北アメリカ西海岸沿いに分布する細柱サボテンで、B.emoryi 一種からなる属です。黄金色の刺がビッシリと密生する美しいサボテンで、海岸砂丘に一面叢生する自生地での姿は見事なものですが、残念ながら栽培経験がありません。海外でも栽培例は少ないようです。刺が痛すぎるからでしょうか。温暖な海沿いに自生するため、陽光と適度な水分があれば、日本の人工環境下でも順調に育つと思われます。大きなハウスがあれば是非トライしてみたいと思っています。
 またこの種と、武倫柱(pachycereus pringlei)のあいだの属間自然交雑種として有名なのが、×Pacherocactus orcuttii (=×Pachgerocereus)です。

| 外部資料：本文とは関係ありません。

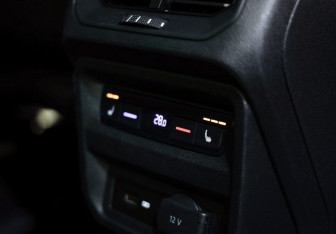 Подержанный автомобиль Volkswagen Tiguan 2019 года (21 фото)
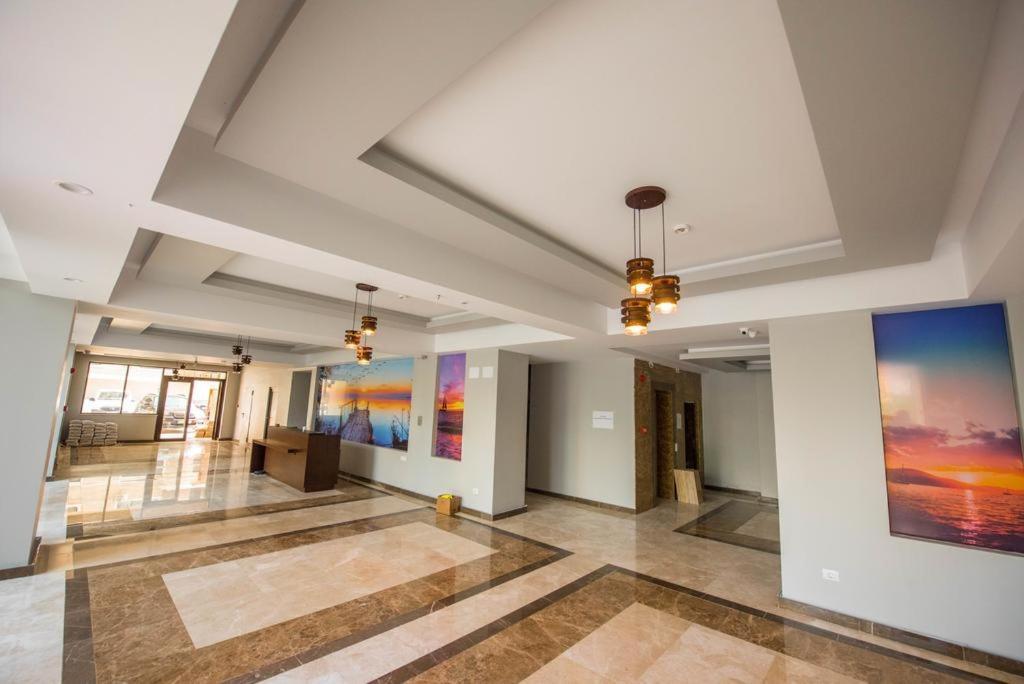 Midada Cazino Mamaia Apartamento Exterior foto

バハカリフォルニアの El Rosario 付近で極く稀に見つかるそうで、19世紀に発見されて以来、永く謎のサボテンでした。実物は、金褐色の強刺が密生するなかなか迫力あるもの。下の写真はその幻の柱サボテン、貴重な実生苗です。

         
          
Pacherocactus orcuttii (photo by Y.matsuo)



<ブロスフェルディア属 Blossfeldia>
    

 "最小のサボテン"としてつとに有名ですが、このサボテンの特異さはその小ささだけではありません。生態そのものがサボテンより苔に近いような植物で、掟破りの点だらけ。じっさい栽培してみても興味の尽きることがありません。
 松露玉(B.liliputana)は球体の径わずか1センチ前後、おおむね単頭ですが、群生することもあります。花も径1センチ弱の白〜淡黄色で、自家受精して菊水のような微小な種子を実らせます。ともかくなにからなにまで小さいサボテンです。ブロスフェルディアには他にもいくつかの種、亜種があげられていますが、大差はなく、いずれもB.liliputatna に統一されるものと考えられています。自生地は南米・ボリビア〜アルゼンチンで、南北に1000キロ以上、標高1200-3500mと云う実に広範囲に分布しています。しかし何処にでも生育しているわけではなく、おおむね切り立った岩の割れ目のような場所に限られていて、苔や地衣類とともに生えています。長い乾期には激しい乾燥と暑さに見舞われる場所です。岩の亀裂、数センチの隙間にたまった僅かな泥に身を埋め、乾期には干からびたキクラゲのような姿で、およそ生きている植物には見えず、いっぽう雨の季節が来れば水を吸って国内の栽培品のように青々丸々とした姿になるそうです。
 
         
        
  Blosfeldia liliputuana in habiat(自生地)

 ブロスフェルディア
の最大の特徴はその表皮にあります。見たことがある人は解ると思いますが、生ゴムのような、皮膚を剥いた肉が露出しているような不思議な質感です。殆んどのサボテンは、表皮からの水分蒸散を防ぐため、程度の差こそあれ硬いクチクラ層をまとっています(牡丹類等が典型)。しかしこのクチクラ層がブロスフェルディアの表皮には欠如しているのです。もうひとつ、ブロスフェルディアの表皮には決定的なものがありません。それは気孔です。通常、高等植物は呼吸や炭酸同化に伴うガス交換と、蒸散の水蒸気の通路として気孔と呼ばれる孔を表皮(普通は葉の裏面)に多数持っています。これがブロスフェルディアには殆んど存在しないのです。では、どうしているのか。ガス交換や蒸散(または吸湿)は、おそらく、刺座まわりの隙間か、クチクラを失い半透膜に近い表皮からダイレクトに行っていると推察されます。このブロスフェルディアのように気孔が少ない植物は、およそ炭酸同化を行うすべての植物のなかでも極めて稀であると、Andersonも驚嘆している程です。では、苛烈な環境に生きている最も小さなサボテンが、クチクラもなく、水も空気も素通しの丸裸に近い姿をあえて選んだのは、いったい何故なのでしょうか。
 おそらく、これほど小さい植物体であっては、多少のクチクラなどまとっても水分は保持しきれないのでしょう。そこでブロスフェルディアは逆説的な戦略を選んだのです。即ち、周りの土が乾上がるときには自分もカラカラに乾涸らびてしまい、土埃同様の姿となる。そしてひとたび雨が降れば、今度はたちどころに吸水し元通りになる…そんな生態が自生地では実際に観察されています。これは、共生している苔や地衣類、またイワヒバなどとよく似た生活サイクルですが、サボテンではここまで極端なものは他にありません。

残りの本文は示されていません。